What is being asked: Copy exactly the lines of the records below, starting at the line that contains "غذا خوردن با" and continuing through the last line, both included; omit any pictures.

Captioned web image data:
----------
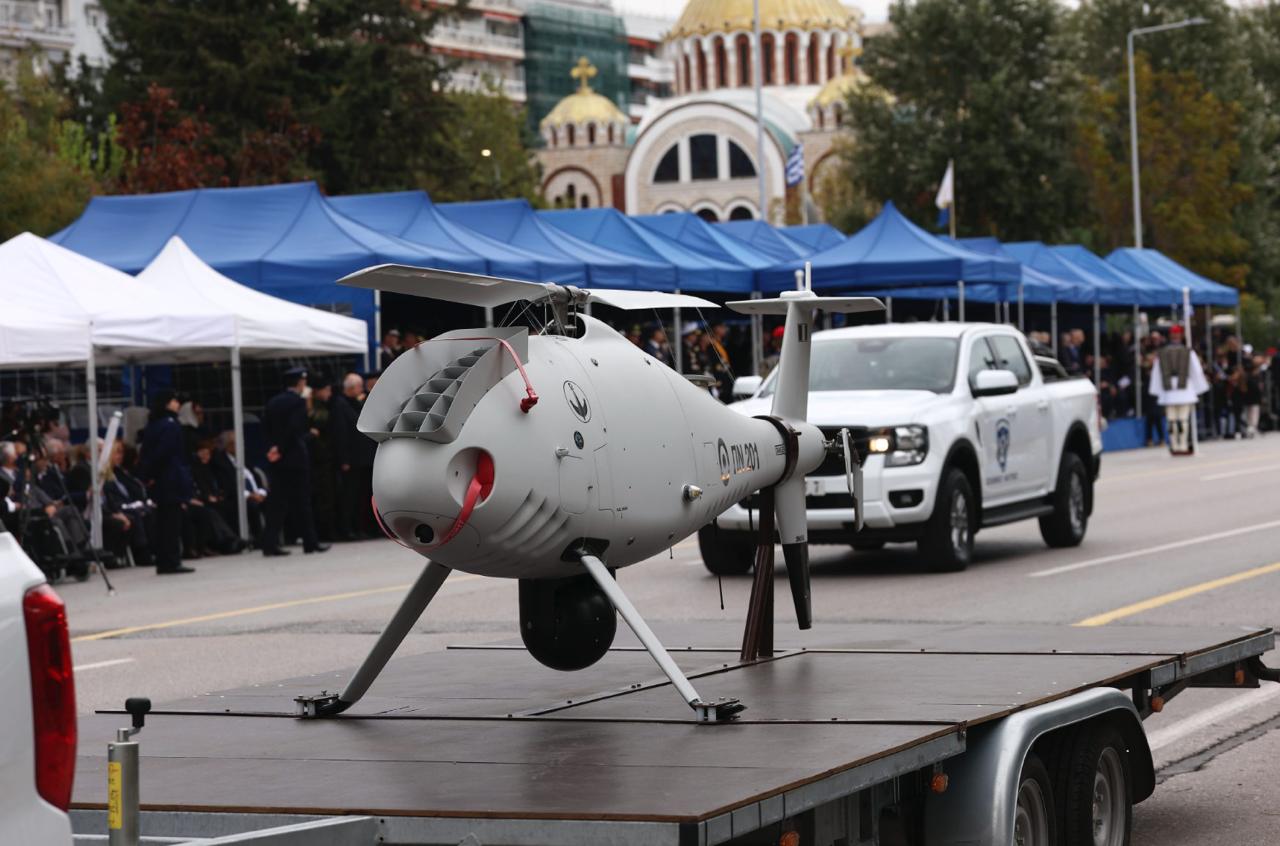 Foto nga burimi: Greqia feston 28 Tetorin me paradë madhështore ushtarake, dronë dhe avionë luftarakë F-16 në festën kombëtare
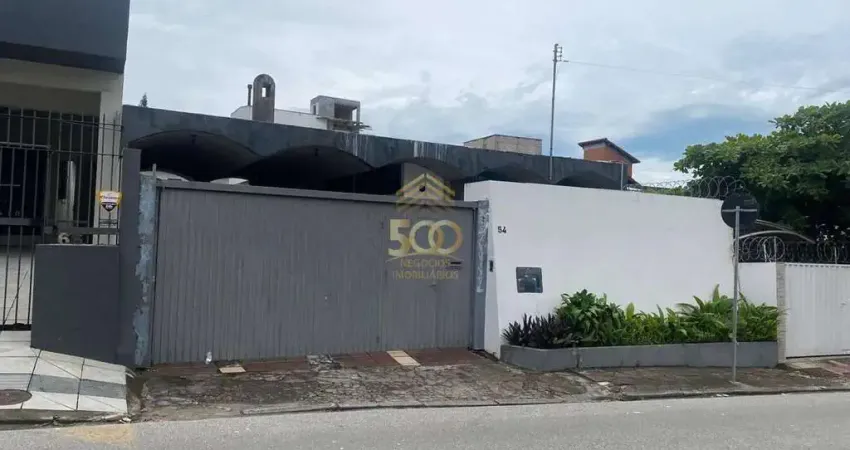 Comercial › salas comerciais com 4 dormitório(s) sendo 1 suíte(s) no bairro itaguaçu - - florianópolis - sc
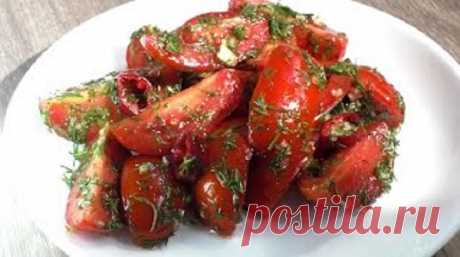 Острая закуска с перчиком и чесноком настолько ароматная и вкусная, что нравится абсолютно всем. Яркую насыщенную закуску из острых помидоров лучше всего подавать с мясными блюдами (особенно хороша она с шашлычком).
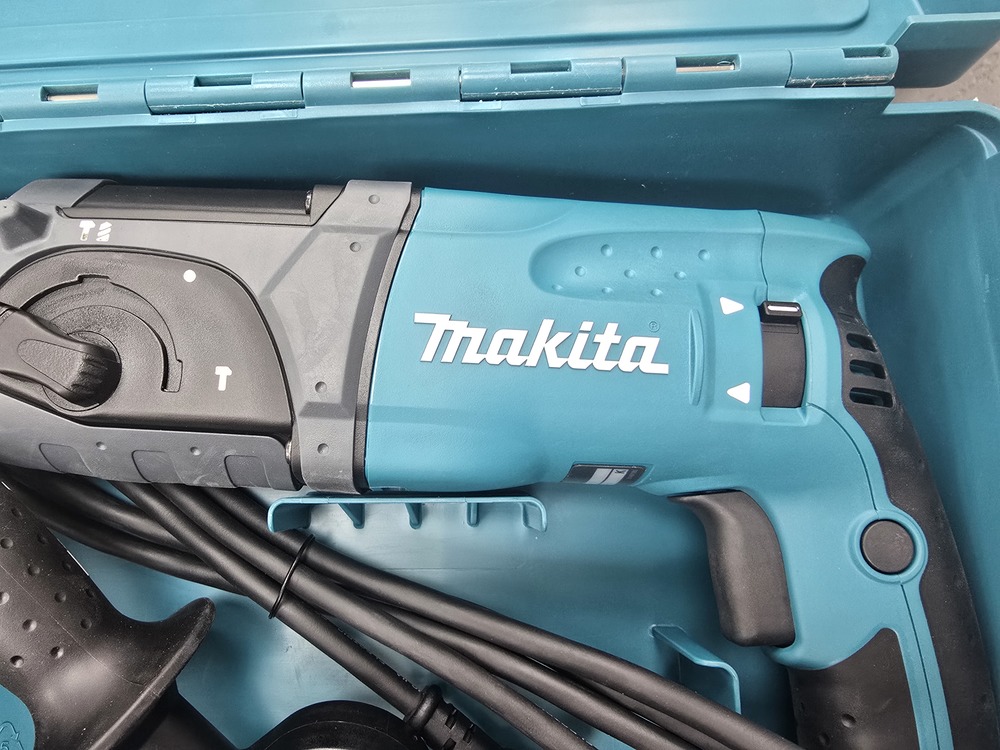 Перфоратор Makita HR 2470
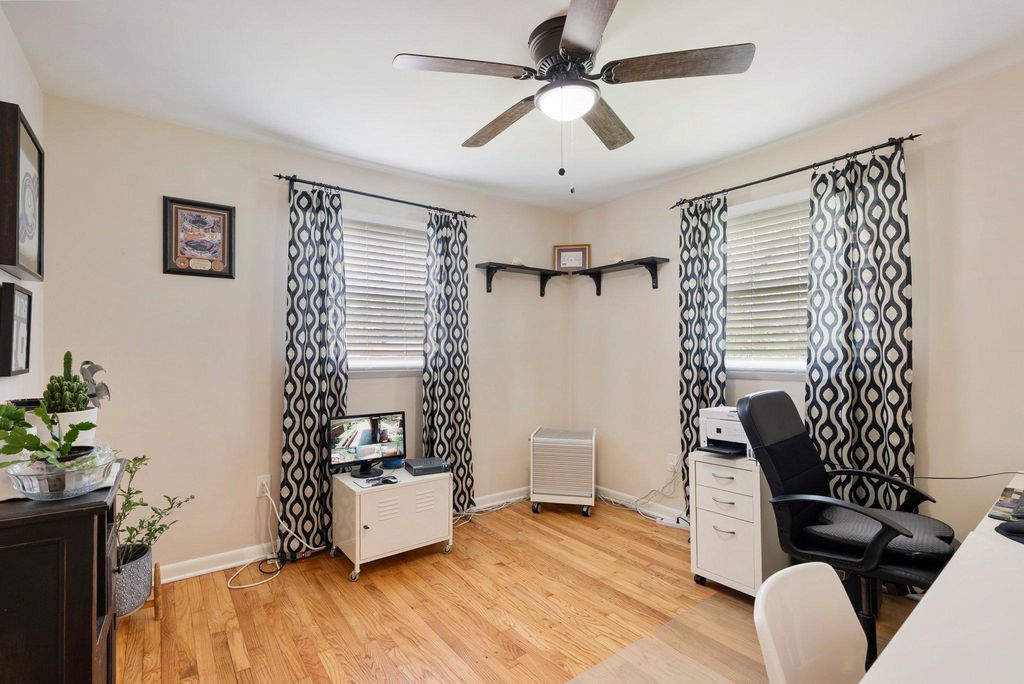 Image 22 of property listing at 205 MARSHALL DR, Forest Hill, MD 21050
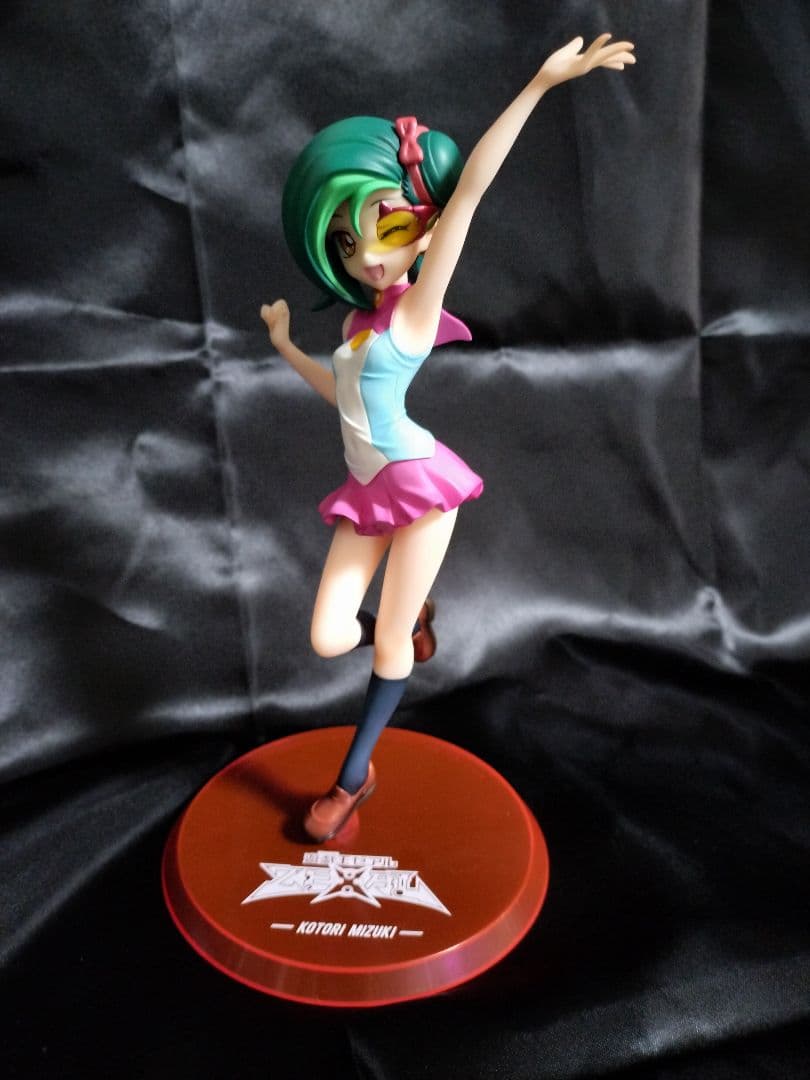 Yu-Gi-Oh! ZEXAL 観月小鳥 フィギュア AMAKUNI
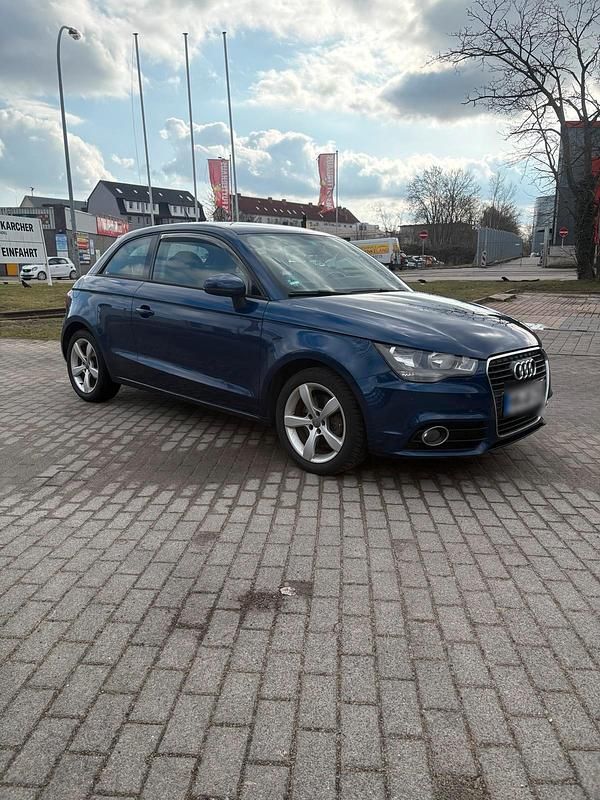 Gebraucht Audi A1 105 PS (77 kW) 2010 Blau Kleinwagen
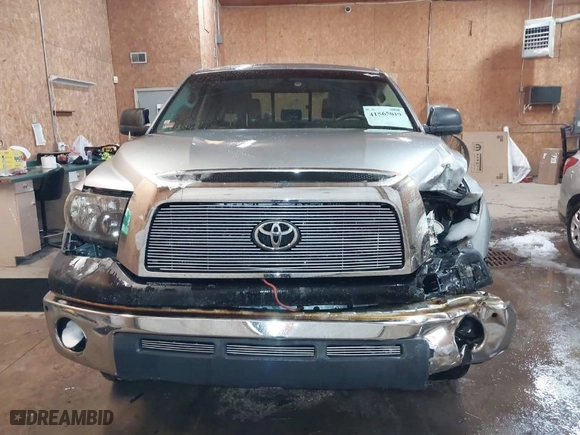 2007 Toyota Tundra SR5 with VIN 5TFBV541X7X025225, listed as a IAAI auction lot 41565019 with 204,790 mi miles. Bid and sale history available at carsss.com. Image 12.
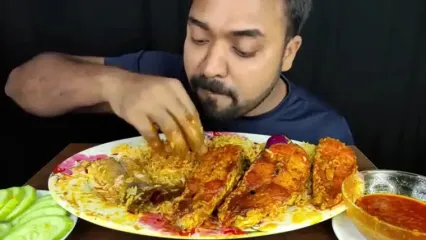 غذا خوردن با صدا؛ خوردن 1.5 کیلو پلو ماهی به روش یوتیوبر بنگلادشی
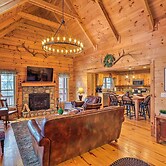 Waynesville Escape - Mtn Cabin Above the Clouds!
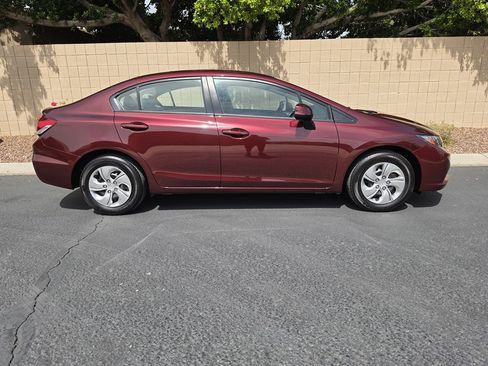 Used 2013 Honda Civic LX image 2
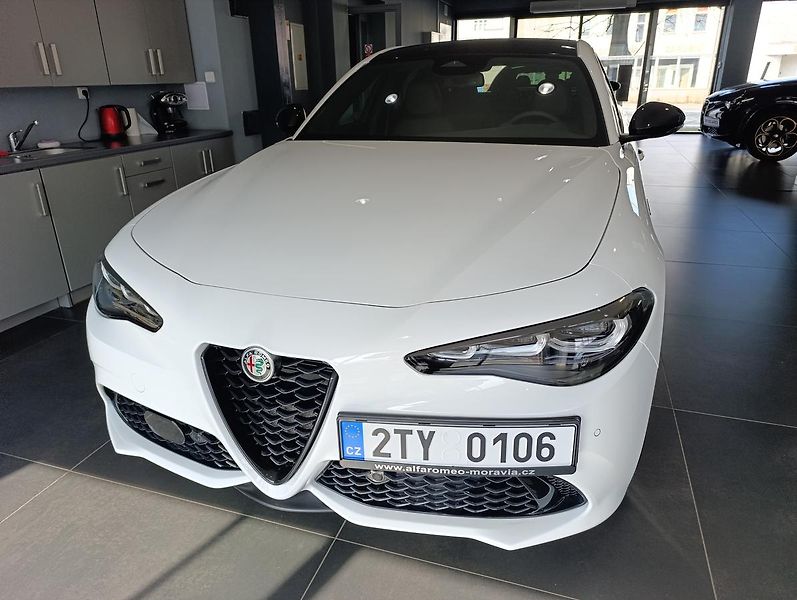 Alfa Romeo Giulia (2026) Veloce 2,2 JTDm 210k Q4 - fotka 2 z 20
----------
Solution to this task:
 غذا خوردن با صدا؛ خوردن 1.5 کیلو پلو ماهی به روش یوتیوبر بنگلادشی
 Waynesville Escape - Mtn Cabin Above the Clouds!
 Used 2013 Honda Civic LX image 2
 Alfa Romeo Giulia (2026) Veloce 2,2 JTDm 210k Q4 - fotka 2 z 20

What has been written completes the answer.